HOW TO COMPLETE THIS TASK:
Write out the records in full, exactly as given, but without the images.

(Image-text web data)

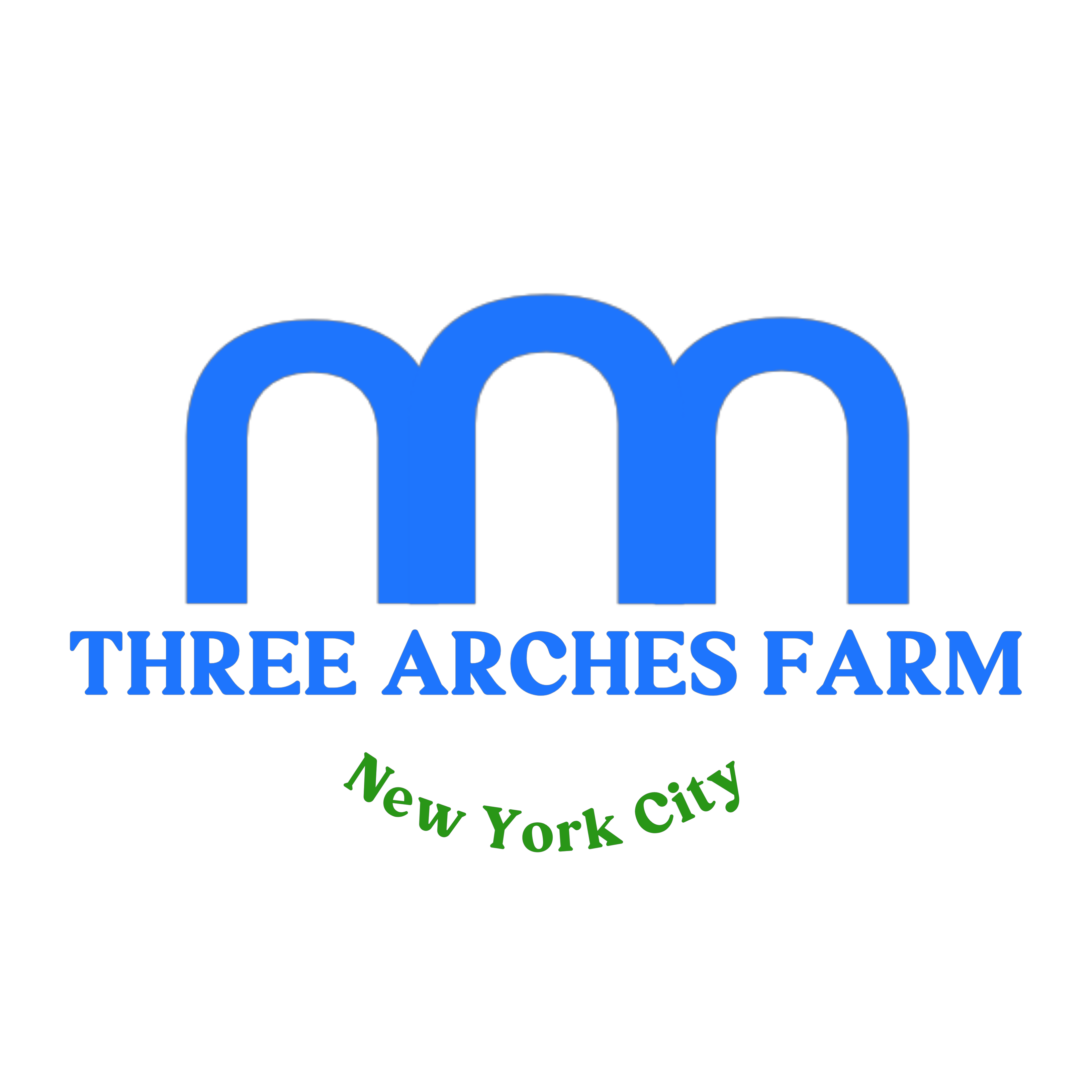 Three Arches Farm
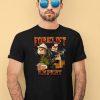 Furry Forklift Expert Shirt4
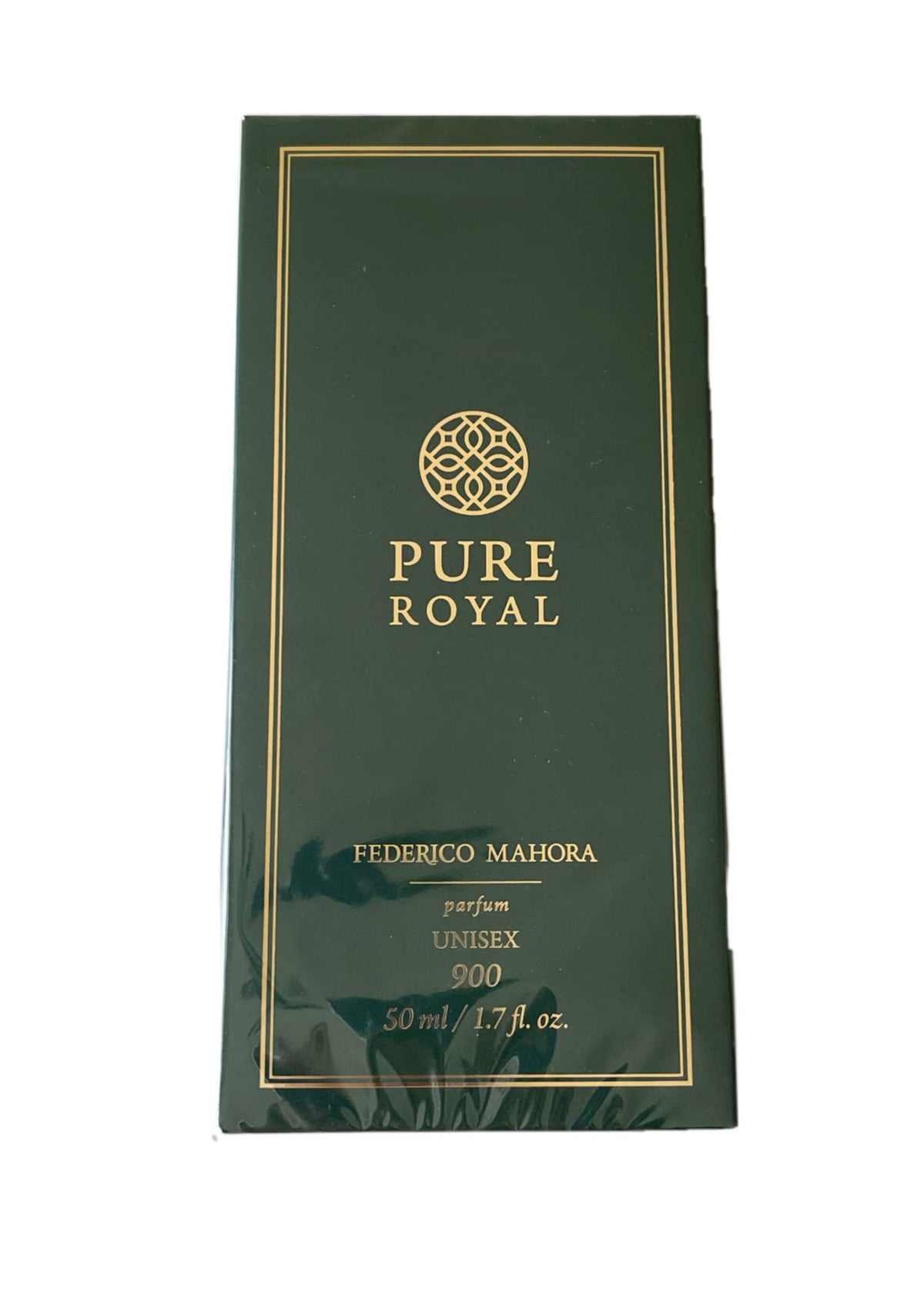 Pure royal 900 inspired by Tm ford lost cherry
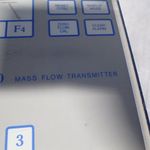 Exac Mass Flow Transmitter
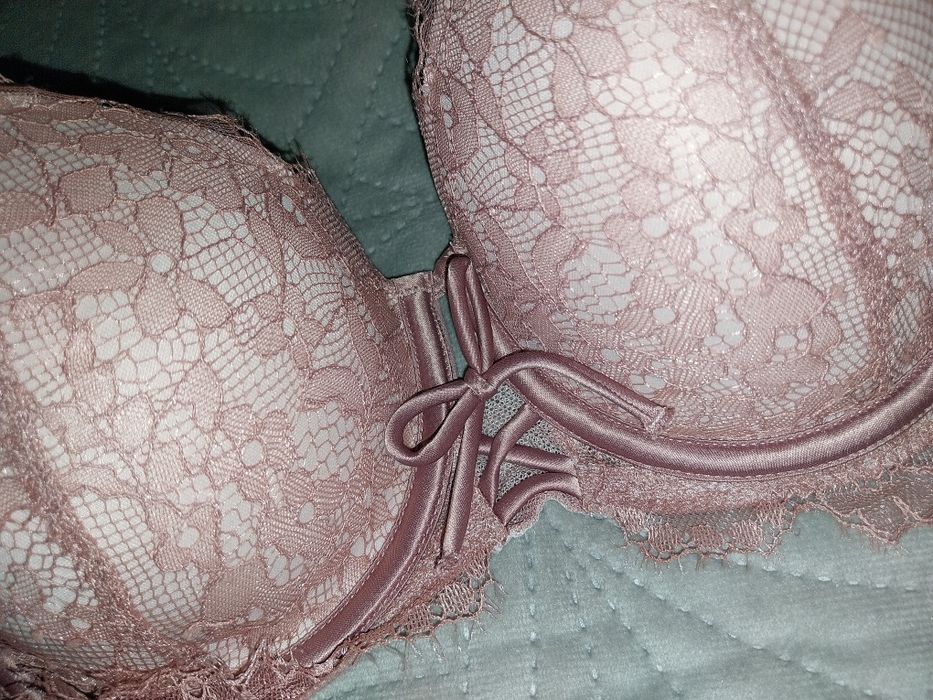M&S Rosie piękny modelujący stanik biustonosz 70C Nowy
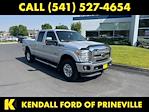 2012 Ford F-350 Crew Cab SRW 4x4, Pickup for sale #WP4537A - photo 1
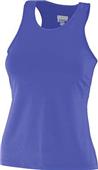 Augusta Sportswear Womens Racerback Tank Augusta Sportswear Womens Racerback Tank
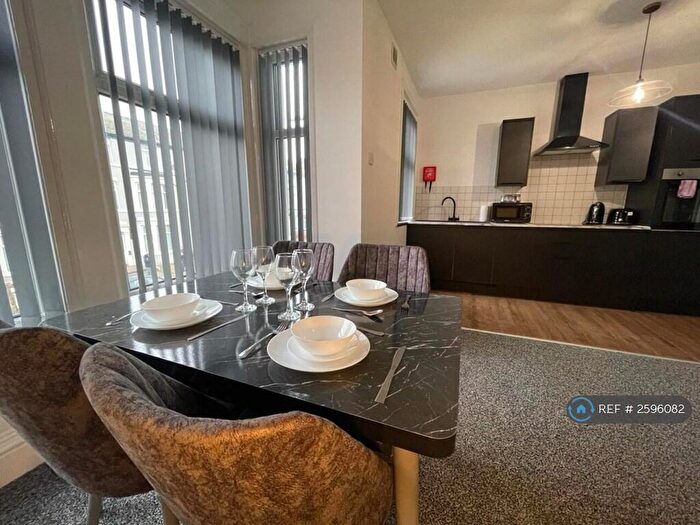 1 Bedroom Flat To Rent In Lord Street, Blackpool, FY1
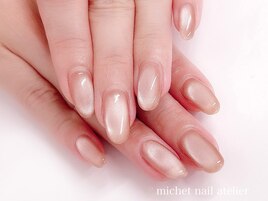 マグネットネイル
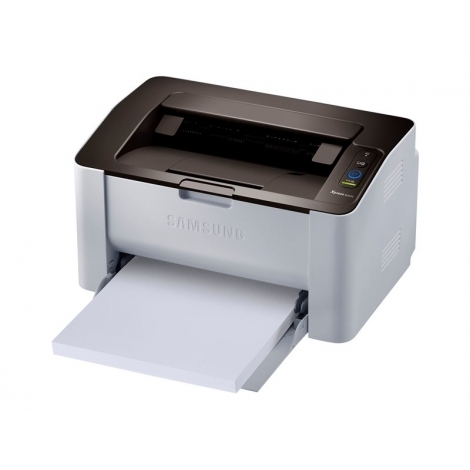 Impresora monocromo para documentos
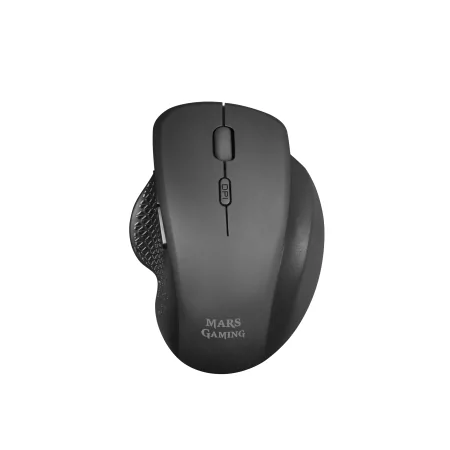 Kontrolsat - Rato WIRELESS MARS GAMING MMWERGO, 3.200 DPI, ERGONOMIC, KAI... Kontrolsat - Rato WIRELESS MARS GAMING MMWERGO, 3.200 DPI, ERGONOMIC, KAI...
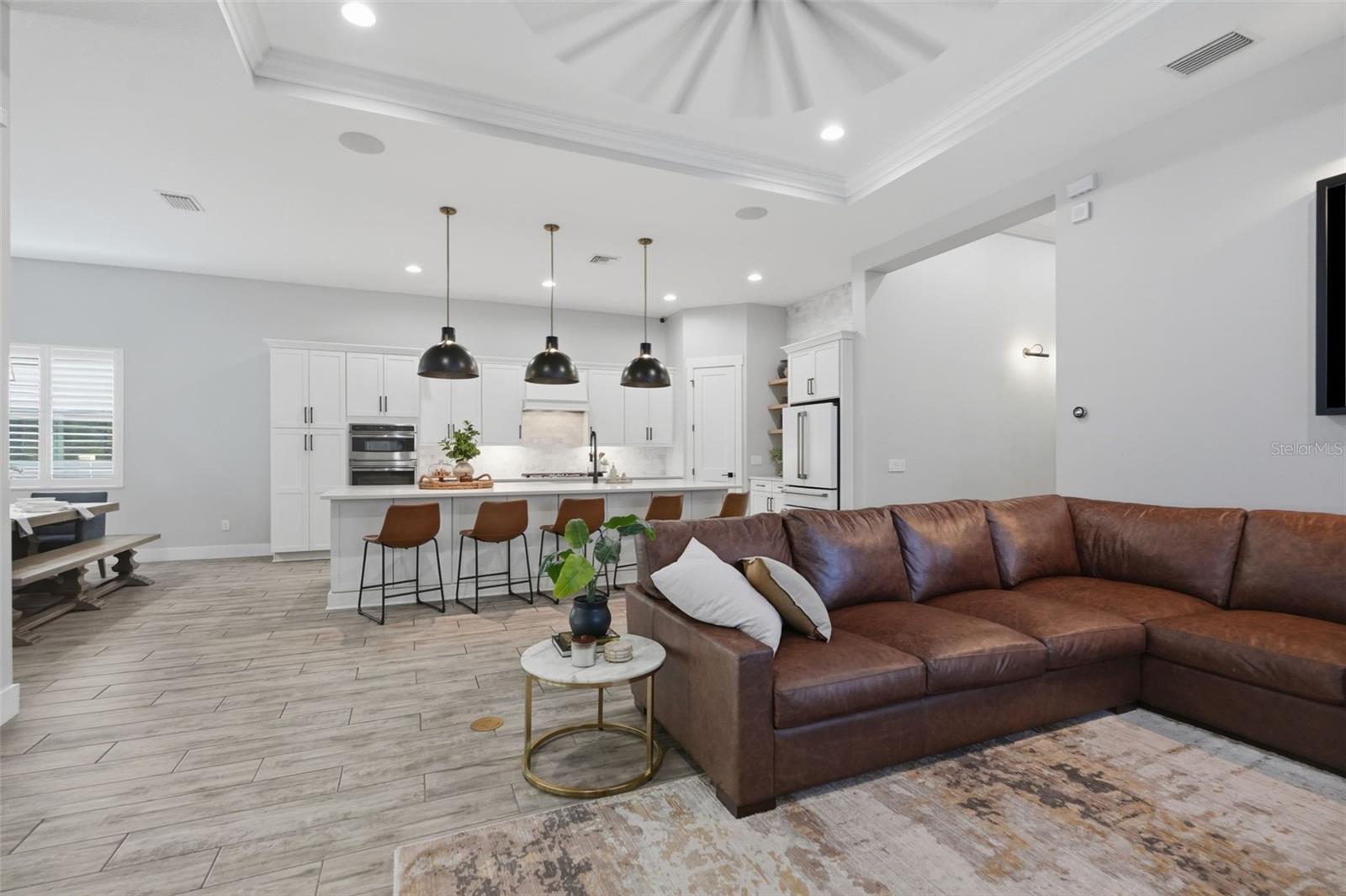 HIGHWOOD ESTATES PH 2 - Residential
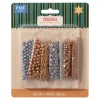 Pack 7 Sprinkles Surtidos Metálicos 42 g - PME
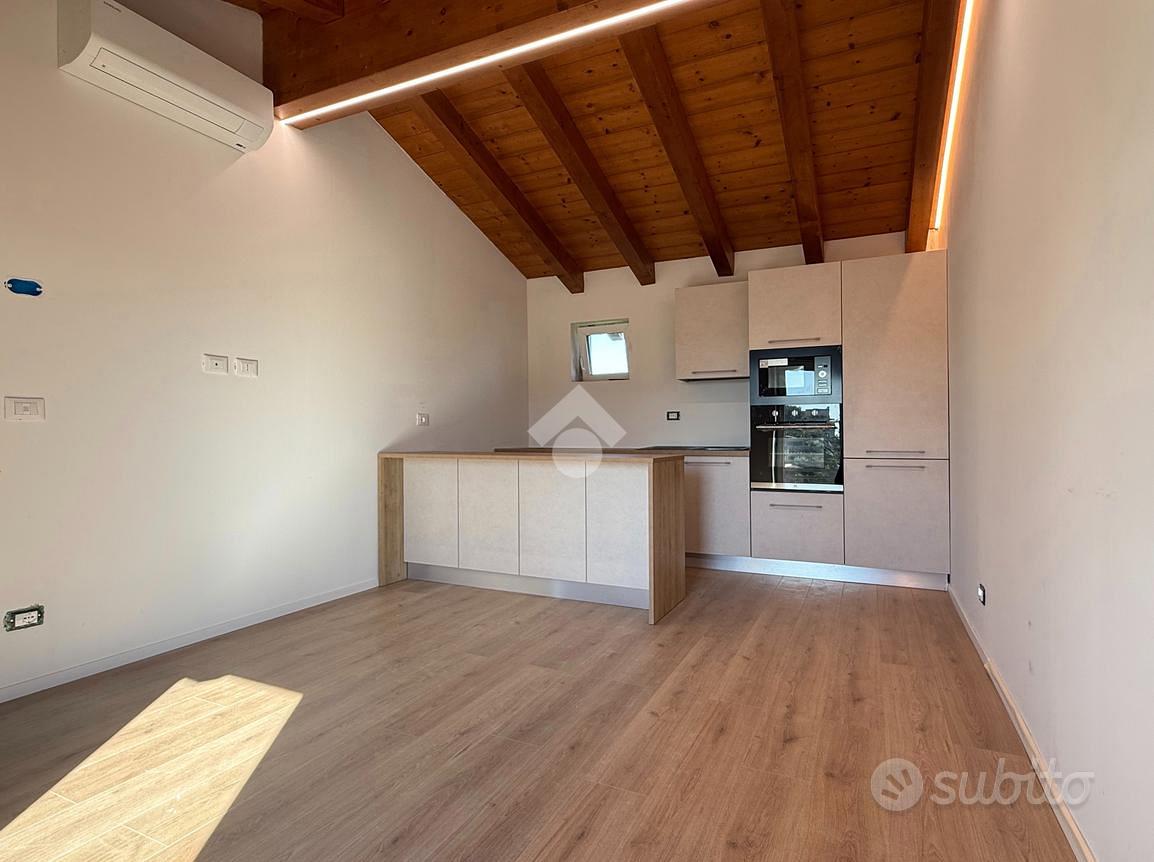 Appartamento – Pasian di Prato, Santa Caterina / Sante Catarine - Vista 2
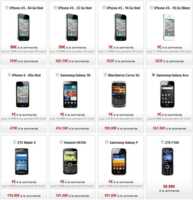 Free Mobile : l'iPhone 4S est enfin arrivé
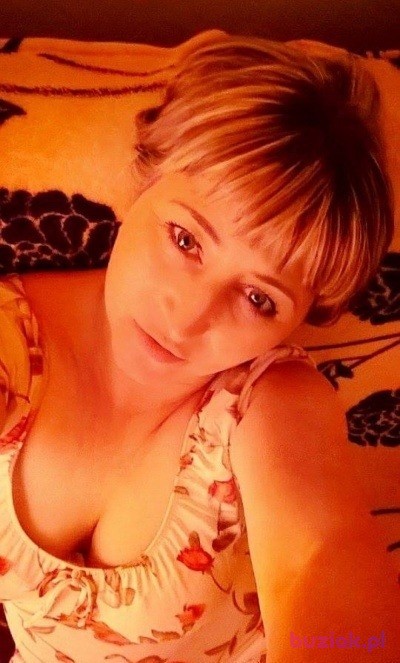 Neli, Kobieta, 48, Zielona Góra, Polska, Zdjęcie: 1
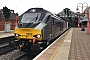 Vossloh 2689 - Chiltern "68011"
04.06.2016
London, Marylebone Station [GB]
Adam McMillan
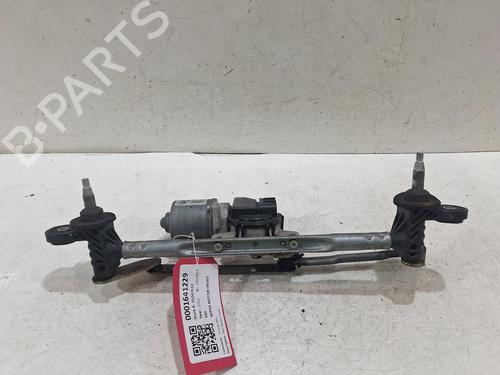 Motor limpa vidros frontal FIAT 500 (312_) 0.9 (312AXG1A, 312.AXG11) (86 hp) 32380705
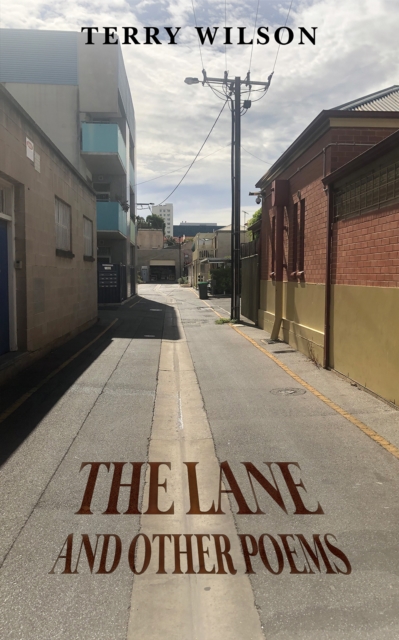 Lane and Other Poems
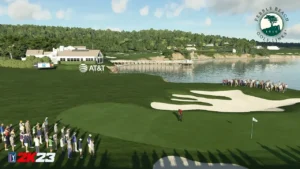 PGA TOUR 2K23 for Xbox One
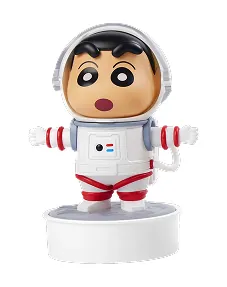 蜡笔小新-新驰神往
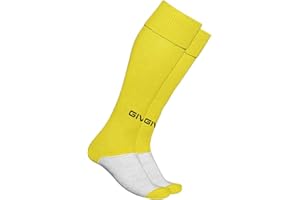 givova Media de Futbol Calcetines Unisex adulto (Pack de 1)
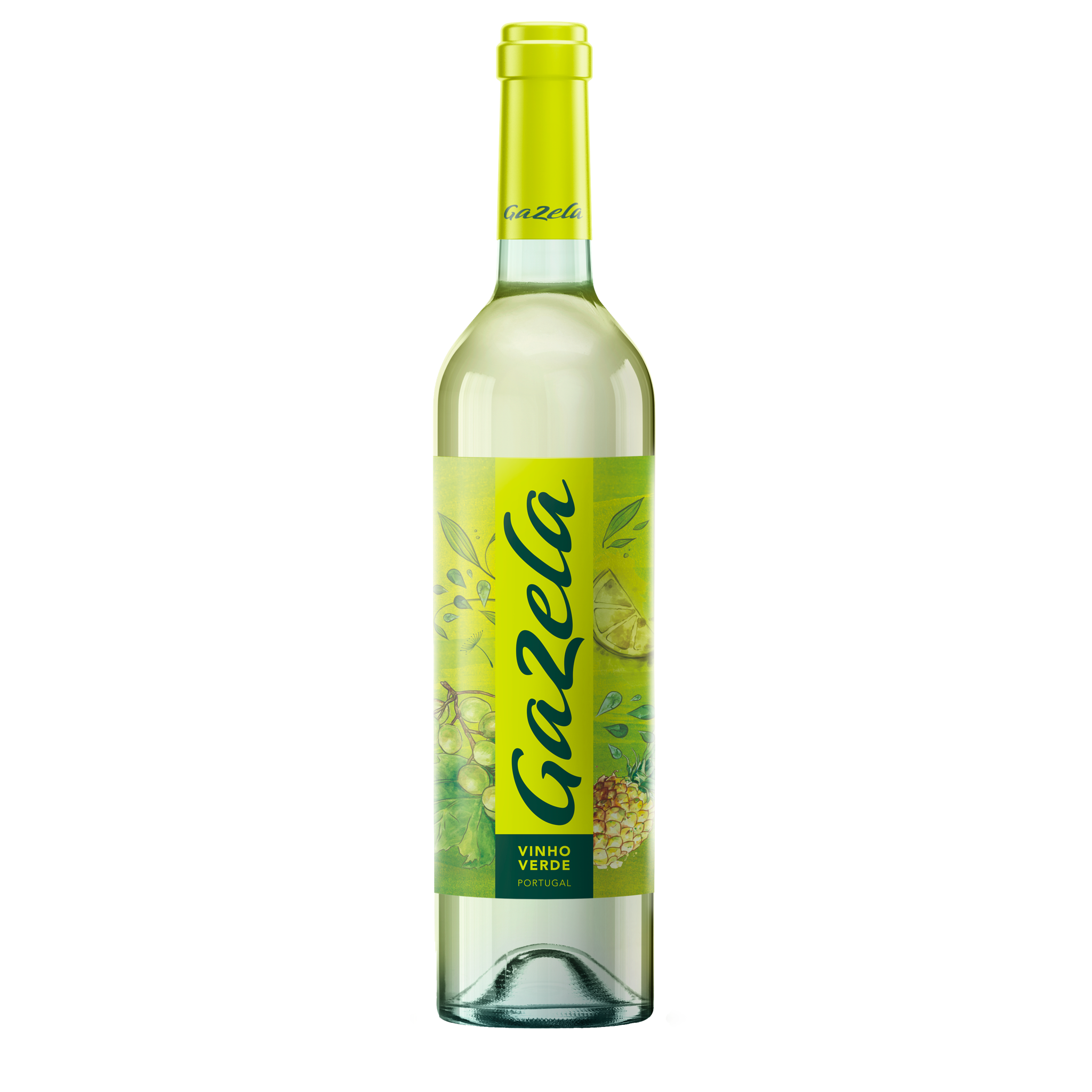 GAZELA VINHO VERDE 750ML @ Kelowna [1000115]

RESULT OF THIS EXERCISE:
 Three Arches Farm
 Furry Forklift Expert Shirt4
 Pure royal 900 inspired by Tm ford lost cherry
 Exac Mass Flow Transmitter
M&S Rosie piękny modelujący stanik biustonosz 70C Nowy
 2012 Ford F-350 Crew Cab SRW 4x4, Pickup for sale #WP4537A - photo 1
 Augusta Sportswear Womens Racerback Tank Augusta Sportswear Womens Racerback Tank
 1 Bedroom Flat To Rent In Lord Street, Blackpool, FY1
 マグネットネイル
 Impresora monocromo para documentos
 Kontrolsat - Rato WIRELESS MARS GAMING MMWERGO, 3.200 DPI, ERGONOMIC, KAI... Kontrolsat - Rato WIRELESS MARS GAMING MMWERGO, 3.200 DPI, ERGONOMIC, KAI...
 HIGHWOOD ESTATES PH 2 - Residential
 Pack 7 Sprinkles Surtidos Metálicos 42 g - PME
 Appartamento – Pasian di Prato, Santa Caterina / Sante Catarine - Vista 2
 Free Mobile : l'iPhone 4S est enfin arrivé
 Neli, Kobieta, 48, Zielona Góra, Polska, Zdjęcie: 1
 Vossloh 2689 - Chiltern "68011"
04.06.2016
London, Marylebone Station [GB]
Adam McMillan
 Motor limpa vidros frontal FIAT 500 (312_) 0.9 (312AXG1A, 312.AXG11) (86 hp) 32380705
 Lane and Other Poems
 PGA TOUR 2K23 for Xbox One
 蜡笔小新-新驰神往
 givova Media de Futbol Calcetines Unisex adulto (Pack de 1)
 GAZELA VINHO VERDE 750ML @ Kelowna [1000115]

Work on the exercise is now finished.